Assignment:
Below is a listing with pictures. Repeat exactly the lines starting at the one holding "The heart is" and going on through the one holding "Treatment adjustments can", and leave every picture out.

Provided data:
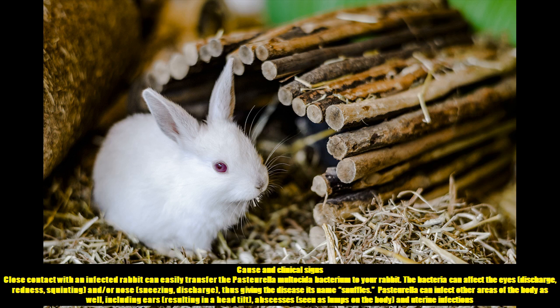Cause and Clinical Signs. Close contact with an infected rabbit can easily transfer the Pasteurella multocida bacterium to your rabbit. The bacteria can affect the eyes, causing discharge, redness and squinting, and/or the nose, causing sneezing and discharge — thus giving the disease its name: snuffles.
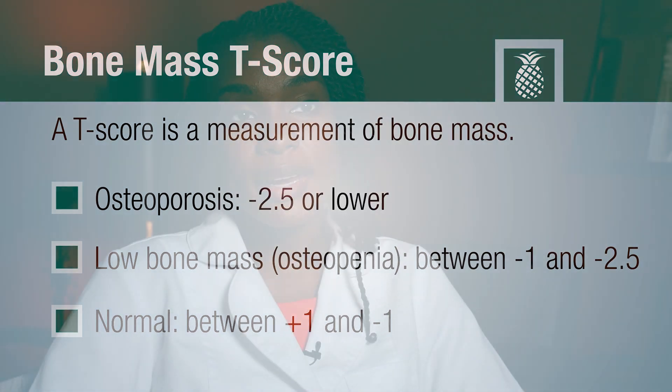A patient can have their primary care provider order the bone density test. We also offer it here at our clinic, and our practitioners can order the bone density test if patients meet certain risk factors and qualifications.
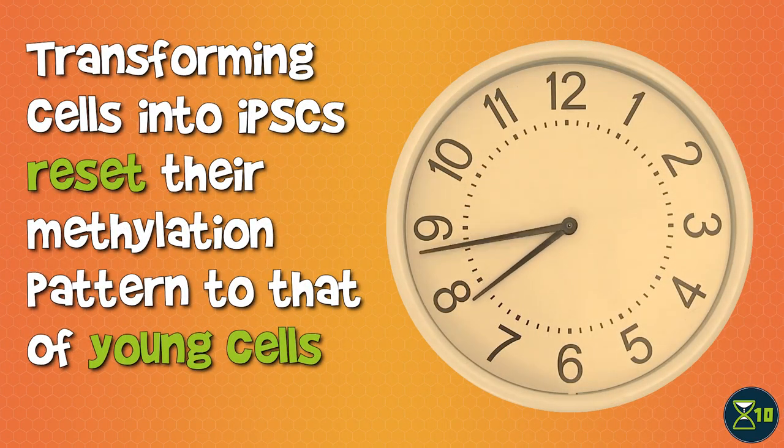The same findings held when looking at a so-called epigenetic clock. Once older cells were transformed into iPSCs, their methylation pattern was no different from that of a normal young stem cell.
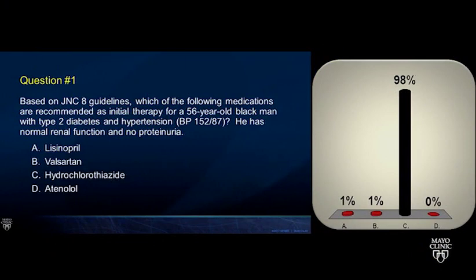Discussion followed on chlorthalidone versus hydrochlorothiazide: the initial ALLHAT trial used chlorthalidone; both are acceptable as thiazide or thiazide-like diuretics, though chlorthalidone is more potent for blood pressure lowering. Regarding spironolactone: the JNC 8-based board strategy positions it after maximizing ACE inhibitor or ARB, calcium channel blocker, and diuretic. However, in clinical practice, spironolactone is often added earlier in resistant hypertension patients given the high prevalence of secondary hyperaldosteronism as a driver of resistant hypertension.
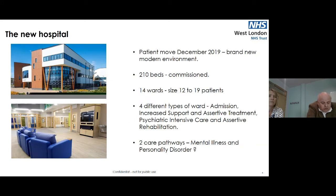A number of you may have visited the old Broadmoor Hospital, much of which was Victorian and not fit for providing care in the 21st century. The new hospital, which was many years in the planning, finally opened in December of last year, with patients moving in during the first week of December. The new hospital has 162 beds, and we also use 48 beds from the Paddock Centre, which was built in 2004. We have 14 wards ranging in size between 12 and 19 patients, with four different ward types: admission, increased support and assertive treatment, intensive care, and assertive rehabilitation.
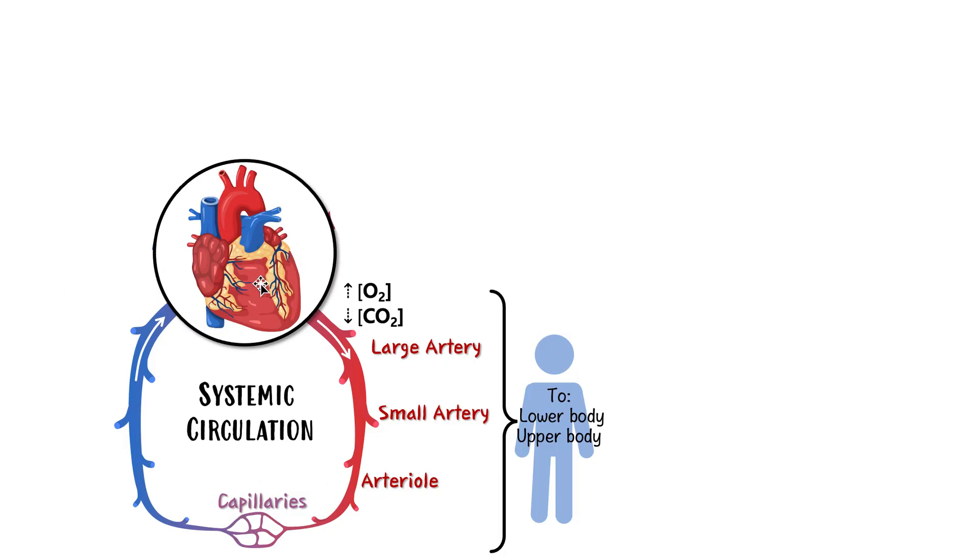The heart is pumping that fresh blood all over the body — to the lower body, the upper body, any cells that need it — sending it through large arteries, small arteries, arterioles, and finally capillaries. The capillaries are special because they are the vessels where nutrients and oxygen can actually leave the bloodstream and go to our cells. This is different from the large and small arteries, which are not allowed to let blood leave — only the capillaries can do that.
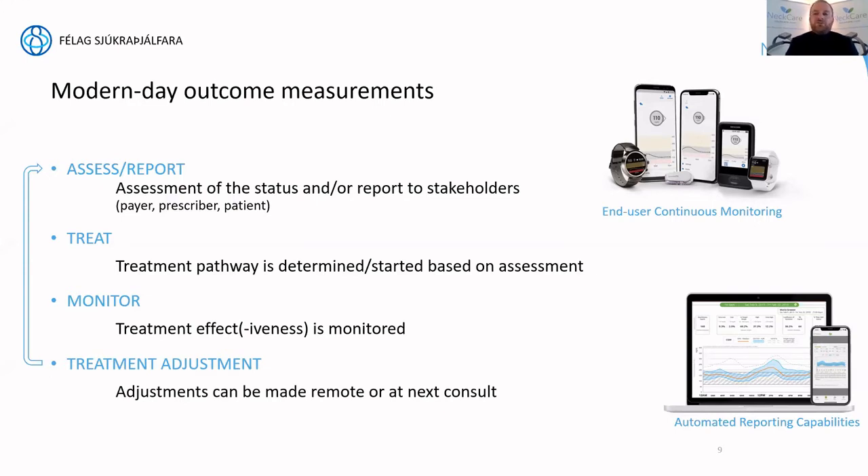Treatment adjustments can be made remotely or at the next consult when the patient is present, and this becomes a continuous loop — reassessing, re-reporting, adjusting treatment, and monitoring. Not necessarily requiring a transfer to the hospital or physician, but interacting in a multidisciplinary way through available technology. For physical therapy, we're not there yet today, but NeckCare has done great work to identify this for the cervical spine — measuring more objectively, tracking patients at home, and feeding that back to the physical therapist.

==

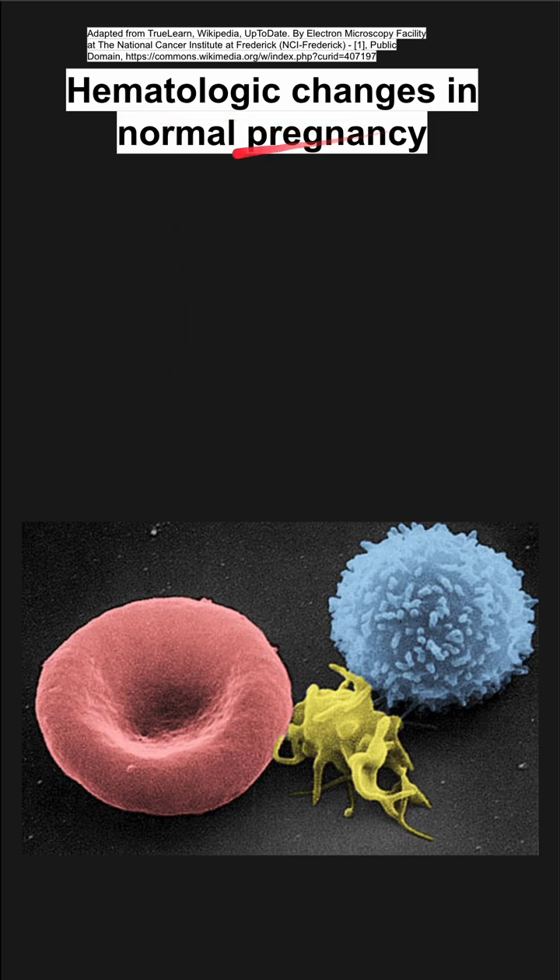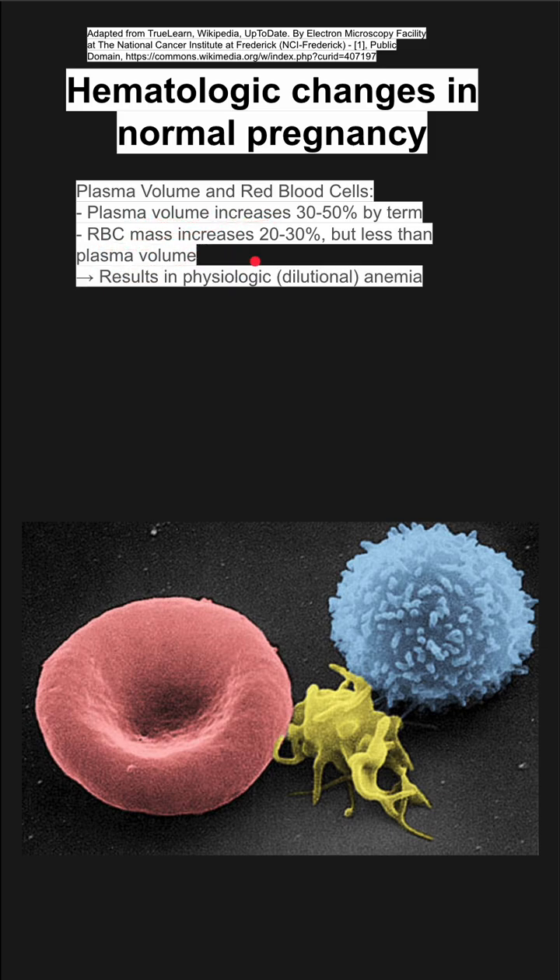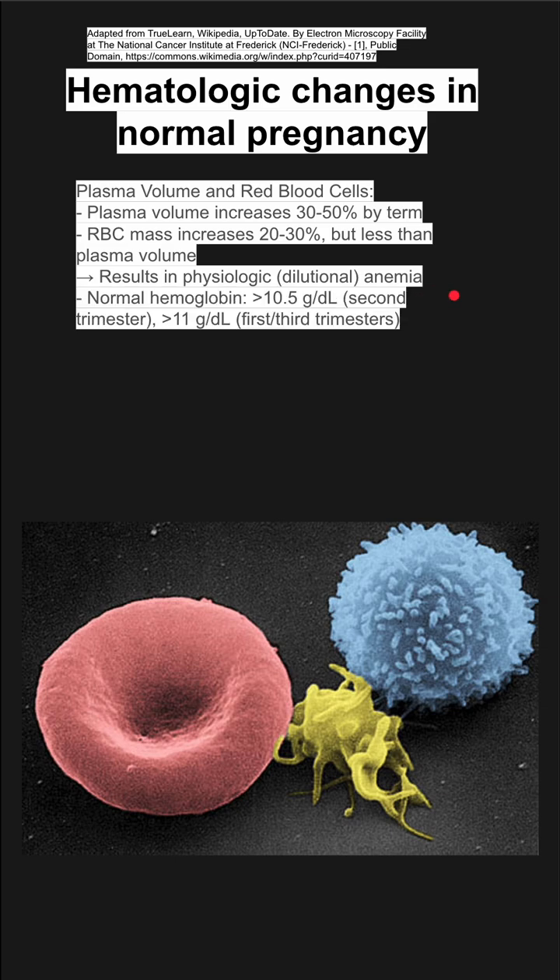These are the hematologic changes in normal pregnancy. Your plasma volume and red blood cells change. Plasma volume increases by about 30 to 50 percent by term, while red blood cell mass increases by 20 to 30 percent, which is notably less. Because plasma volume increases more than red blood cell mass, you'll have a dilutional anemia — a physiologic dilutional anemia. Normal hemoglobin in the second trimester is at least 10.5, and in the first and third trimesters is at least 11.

Answer to this problem:
The heart is pumping that fresh blood all over the body — to the lower body, the upper body, any cells that need it — sending it through large arteries, small arteries, arterioles, and finally capillaries. The capillaries are special because they are the vessels where nutrients and oxygen can actually leave the bloodstream and go to our cells. This is different from the large and small arteries, which are not allowed to let blood leave — only the capillaries can do that.
Treatment adjustments can be made remotely or at the next consult when the patient is present, and this becomes a continuous loop — reassessing, re-reporting, adjusting treatment, and monitoring. Not necessarily requiring a transfer to the hospital or physician, but interacting in a multidisciplinary way through available technology. For physical therapy, we're not there yet today, but NeckCare has done great work to identify this for the cervical spine — measuring more objectively, tracking patients at home, and feeding that back to the physical therapist.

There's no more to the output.